En Moscú no hay basura en las calles, las avenidas fueron construidas hace un siglo con cinco carriles de ida y cinco de vuelta, en el centro histórico las construcciones asombran porque tienen el buen gusto de los zares o la inmensidad de la era soviética, el Metro pasa cada dos minutos sin falta, sus estaciones son como palacios subterráneos, la comida tradicional es deliciosa y una nueva generación de chefs se ha colocado bajo el reflector internacional al evolucionarla con técnicas postmodernas, la gente es amable a pesar de la invasión extranjera que les puso a prueba por el Mundial de futbol. No parece una economía en desarrollo, sino una potencia consolidada.
Eso sí: las minorías casi no tienen derechos, los opositores al régimen suelen exiliarse, ser encarcelados o morir en circunstancias sospechosas, el aparato del Estado husmea en todos los rincones y la libertad de expresión es un anhelo intocado.
En Moscú, en el piso 16 de un edificio setentero que por fuera se ve pasado de moda, hasta feo, está una de las mejores cocinas del mundo. Por dentro, el comedor está exquisita y atrevidamente decorado, rodeado de cristales que exhiben esplendorosa a la capital rusa. Ahí despacha Vladimir Mukhin, el joven chef del White Rabbit. Le puso Conejo Blanco a su restaurante inspirado en las locuras de Alicia en el país de las maravillas.
En 2014, cuando su tocayo Vladimir Putin desafió al mundo invadiendo la ex república soviética de Ucrania, Mukhin tuvo el salto de su vida: Europa y Estados Unidos impusieron sanciones económicas a Rusia, y en respuesta, Putin restringió las importaciones de muchos productos alimenticios: un comando de funcionarios públicos se metió a supermercados y restaurantes para quemar los quesos alemanes, triturar con maquinaria pesada los gansos franceses congelados, aplastar las manzanas de Washington.
A Vladimir Mukhin esta crisis geopolítica lo agarró preparado: como lo retrata su capítulo en Chef´s Table de Netflix, el chef había roto con la tendencia de europeizar la oferta gastronómica moscovita y había apostado por cocinar con ingredientes que compraba a pequeños productores locales. Cuando el pueblo batallaba con la escasez y sus rivales se quedaron sin materia prima, él sabía dónde conseguir lo que necesitaba. White Rabbit escaló a ser uno de los 50 mejores restaurantes del planeta.
En ese 2014, la popularidad de Vladimir Putin había caído a entre 50 y 60%, un desplome si consideramos que el mandamás ruso estaba acostumbrado a rondar 90%. Colmillo del tamaño del territorio que gobierna, Putin le dio la vuelta: se montó en el discurso nacionalista culpando de las desgracias de su pueblo a los imperios de Occidente y con una sofisticada institucionalización del dopaje batió el récord de medallas para Rusia en los Juegos Olímpicos de Invierno en Sochi.

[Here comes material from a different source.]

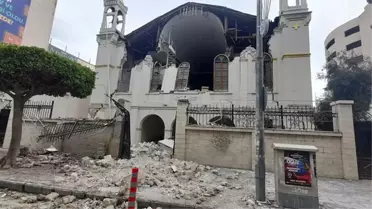 Hatay'da meydana gelen depremde tarihi Antakya Rum Ortadoks Kilisesi yıkıldı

Cuatro años más tarde, mientras hay que reservar con semanas de antelación para conseguir una mesa en el White Rabbit, símbolo de la sofisticación rusa a partir de lo doméstico, Putin está de nuevo en los 90%: tiene cautivado a Donald Trump, sometido a Europa, dominado a Medio Oriente, espiado a medio mundo, manipulado el internet… e invadida Ucrania.
El Conejo Blanco y el zorro rojo. Poder suave. Poder duro.
SACIAMORBOS. Los socios de White Rabbit acaban de abrir un nuevo restaurante. Curiosamente le pusieron Red Fox.